Here, life-size figures of the plotters stand ominously about as a display case shows relics of the assassination and the thwarted escape, including the revolver used by Lewis Powell during his attempt to kill Secretary of State William Henry Seward, Dr. Samuel Mudd’s medical kit and the compass that the fugitive Booth misread, thus ensuring his eventual capture. Here, rather than providing too much narrative, the museum presents too little, particularly given the spectacular events that unfolded.

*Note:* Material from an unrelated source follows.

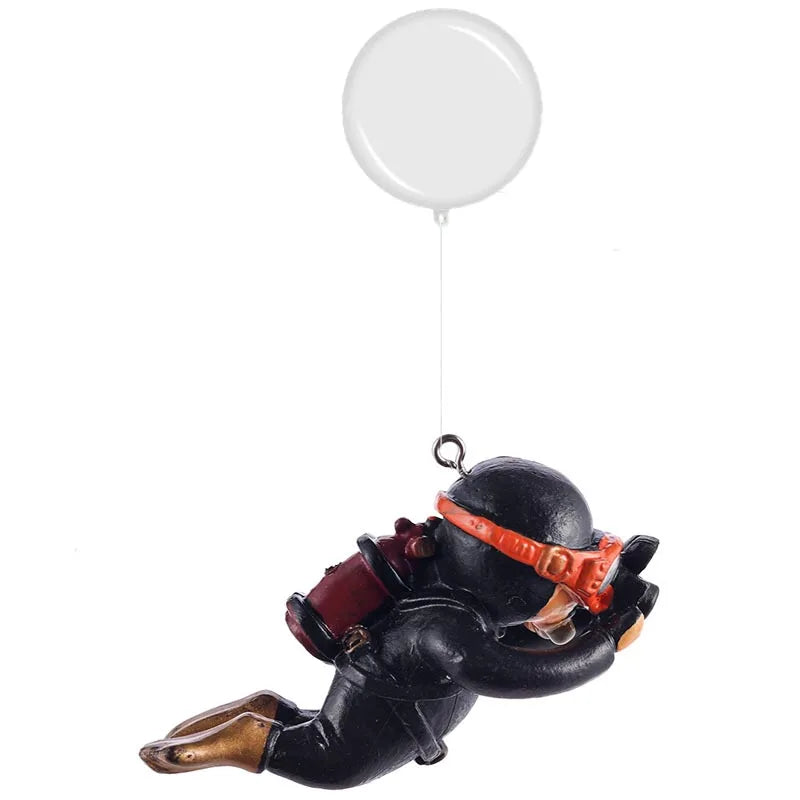 Fish Tank Decoration Resin Landscaping Small Ornaments Mini Diver Glow Aquarium Decor Floating Ball Aquarium Accessories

It may be that that chronicle is being left for the park rangers to outline in the Petersen House, as they did on my visit there. And perhaps, too, it would be too jarring suddenly to walk into the theater where the assassination took place, after one had already been led to its aftermath.
These are also matters of emphasis, and when, a few years hence, the last act of this museum drama is completed, the plotting may be more meticulously worked out. In the meantime, the museum provides a lively and vigorous survey. In its last display case, the original door to the president’s box is shown, along with the pine bar Booth used to jam it shut—objects that become creepier once you’ve seen the place where it all happened.
Edward Rothstein is critic-at-large for the arts section of The New York Times.